Usually no OpenCV on successful products. Facebook Ads has dedicated research engineers implementing their real time photo analysis algorithms.

[+] trwoway|8 years ago|reply
cs231n by Andrej Karpathy : http://cs231n.github.io
[+] lunpe|8 years ago|reply
This is a great resource. I give it to people who need to learn about convolutional neural networks.

However let's keep in mind that the field of computer vision is much vaster than that. Deep learning approaches have been very successful at solving problems in computer vision, but not all of them and not without drawbacks. I believe any course on classic computer vision will give him more insight as to what challenges computer vision aims to solve, how, and what approach might solve what problem.

[+] visarga|8 years ago|reply
You don't specialize in surgery before learning biology. Similarly, you don't specialize in CV before learning basic ML and DL. The fundamental concepts are the same no matter if the modality is text, image or video (for example: regularization, loss, cross validation, bias, variance, activation functions, KL divergence, embeddings, sparsity - all are non-trivial concepts that can't be grasped in a few minutes, and are not specific to CV alone).
[+] zelon88|8 years ago|reply
PyImageSearch by Adrian Rosebrock. http://www.pyimagesearch.com/
[+] zionsrogue|8 years ago|reply
Adrian here, author of PyImageSearch. Thanks for mentioning the blog. If anyone has any questions regarding learning computer vision, please see my reply to "sphix0r" below.
[+] gmiller123456|8 years ago|reply
It's a really broad field, so don't expect to get up to speed very quickly.
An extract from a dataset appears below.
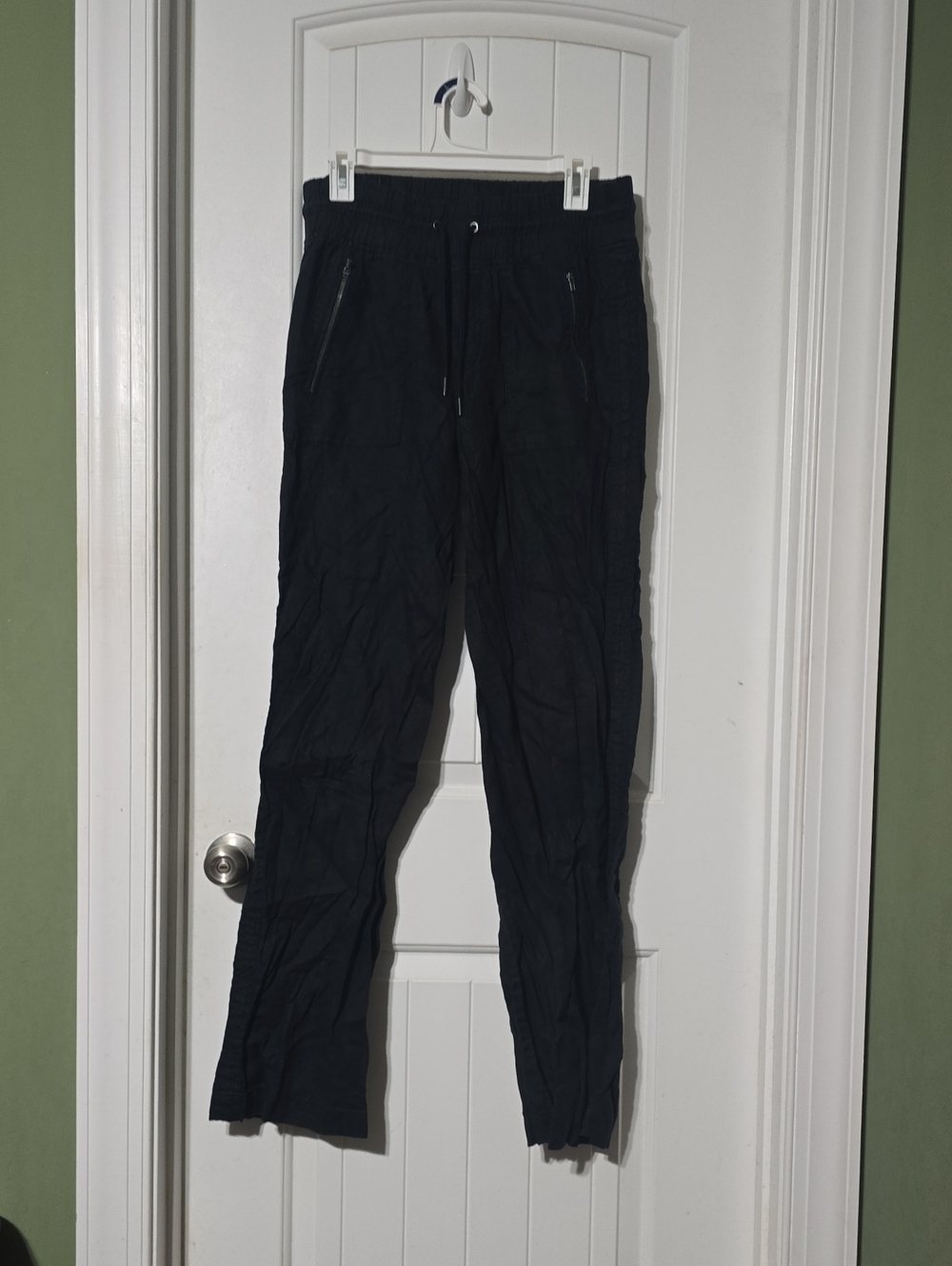 GAP Black Straight-Leg Drawstring Pants with Zipper Pockets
A lot of people have recommended a lot of books already, and I could add to that list. One thing you might think about is Safari Books Online. You'll notice a lot of the recommended books are there, and even though it's a bit pricey, I think you'll find you'd save money by the time you get enough of the books that seem useful to you. You'll also loose nothing by jumping from book to book because they're too advanced/not advanced enough until you find one that's at your level.

I would recommend starting with one of the many OpenCV tutorial books, and maybe work your way through a few of those. Then move into books that cover more of the algorithms behind the library like "Multiple View Geometry" by Hartley and "Machine Vision" by Davies, among many others.

[+] lauritz|8 years ago|reply
I learned OpenCV using the O'Reilly book by Bradski and Kaehler (back when it was OpenCV 2). I found it well-structured and it worked for me. They have an updated version for OpenCV 3.

However, I can't tell you if OpenCV is still the framework of choice and/or widely used in the field you want to go into.